For this exercise, copy exactly every line from the one holding "Rakalj Villa for Up to 8 Guests" through the end of the data, both included. Omit pictures.
☆ ☆ ☆ ☆
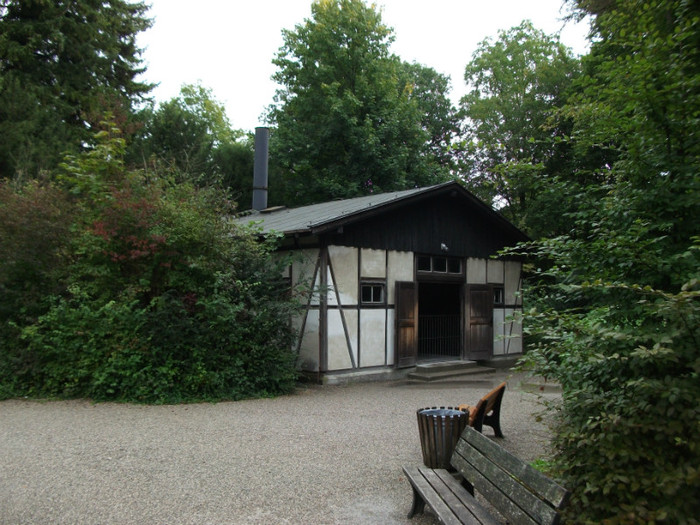 primul crematoriu - Lagarul de concetrare Dachau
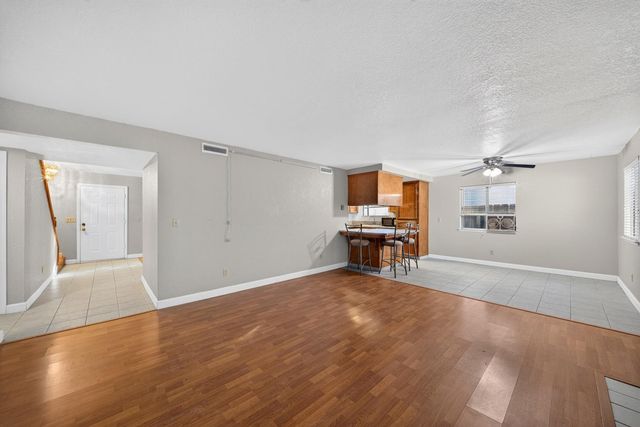 4129 W Regency Avenue, Fresno, CA 93722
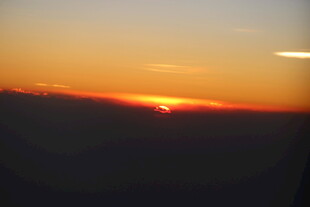 越南飞机上的壮丽日落景观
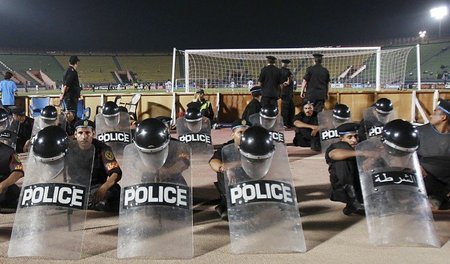 Bald von deutschen Beamten trainiert? Eine Polizeieinheit wartet...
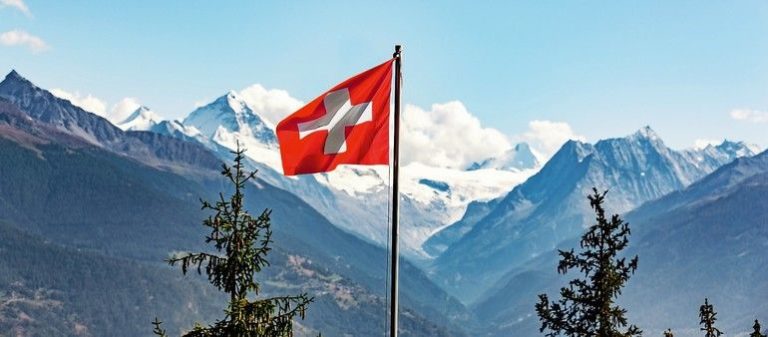 Schweizer_Flagge_im_Wallis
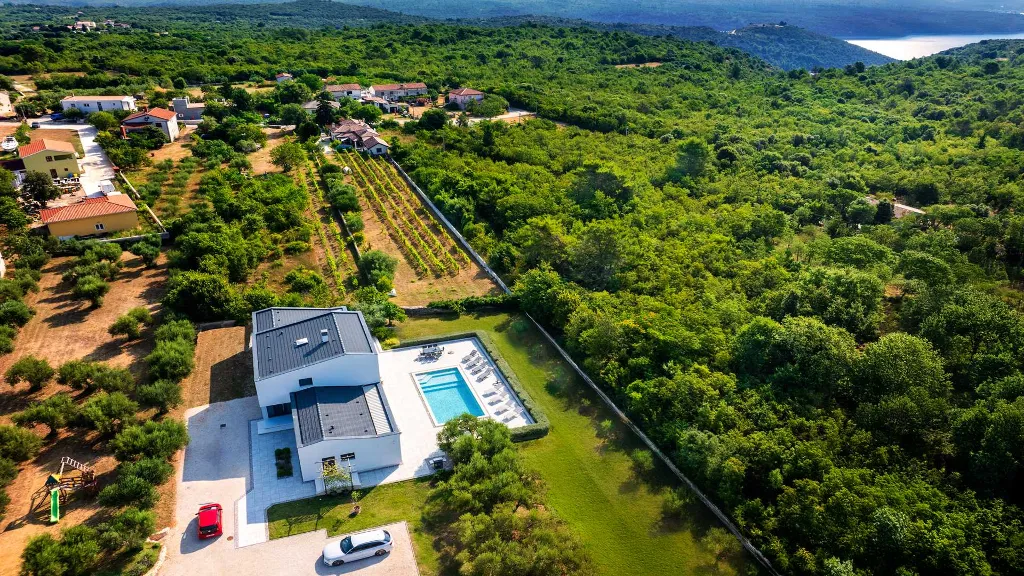 Rakalj Villa for Up to 8 Guests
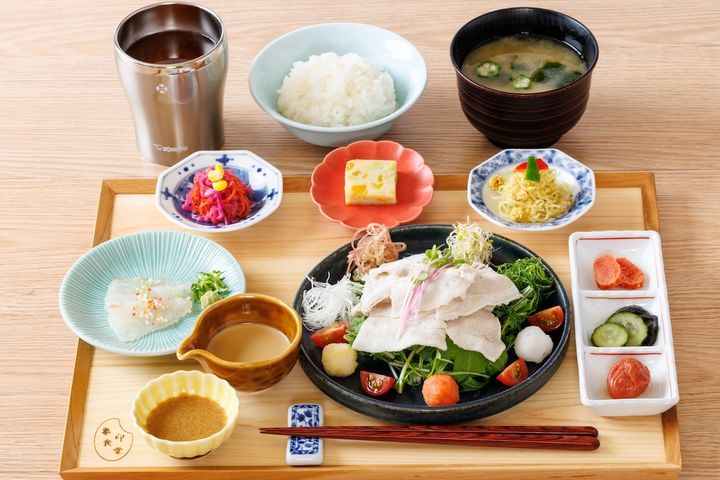 「象印御膳（鯛茶漬け付）」2100円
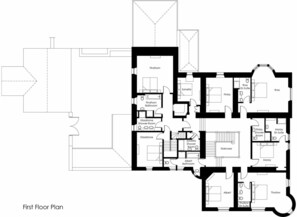 Grundriss eines Hotels im ersten Obergeschoss mit mehreren Suiten, Bädern und einer Treppe.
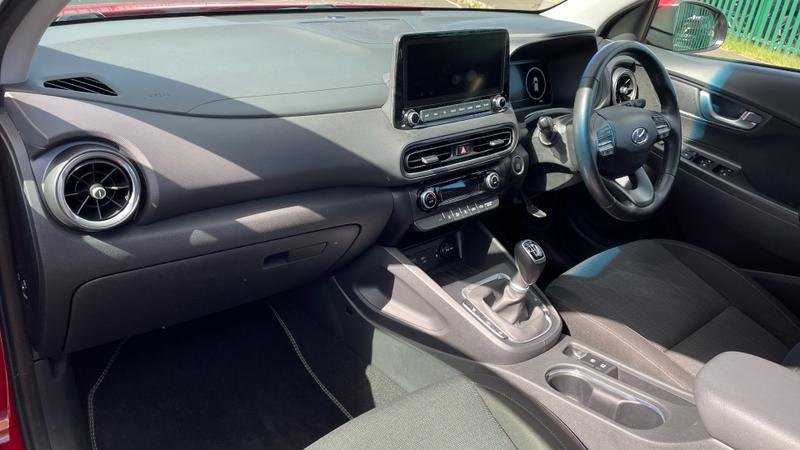 Hyundai KONA Photo cohere-9b1173b04d9f61f4a19b7c0b445117d41138f835.jpg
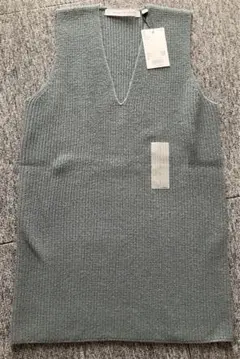 【ユニクロ】ノースリーブニット ベスト 新品タグ付き　S グリーン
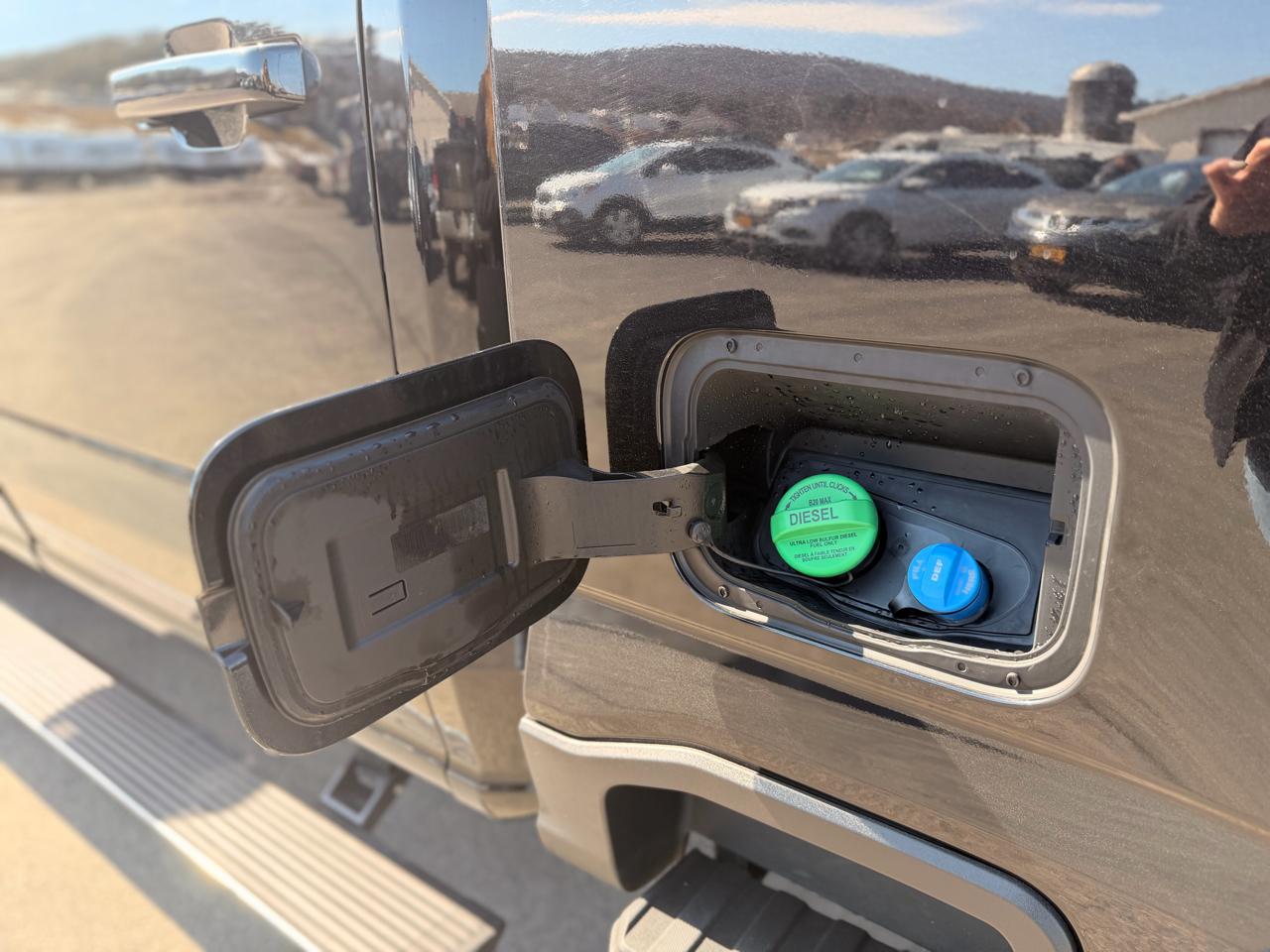 Ford F-250 SD Lariat Crew Cab 4WD 2024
☆ ☆ ☆ ☆
Task response:
 Rakalj Villa for Up to 8 Guests
 「象印御膳（鯛茶漬け付）」2100円
 Grundriss eines Hotels im ersten Obergeschoss mit mehreren Suiten, Bädern und einer Treppe.
 Hyundai KONA Photo cohere-9b1173b04d9f61f4a19b7c0b445117d41138f835.jpg
 【ユニクロ】ノースリーブニット ベスト 新品タグ付き　S グリーン
 Ford F-250 SD Lariat Crew Cab 4WD 2024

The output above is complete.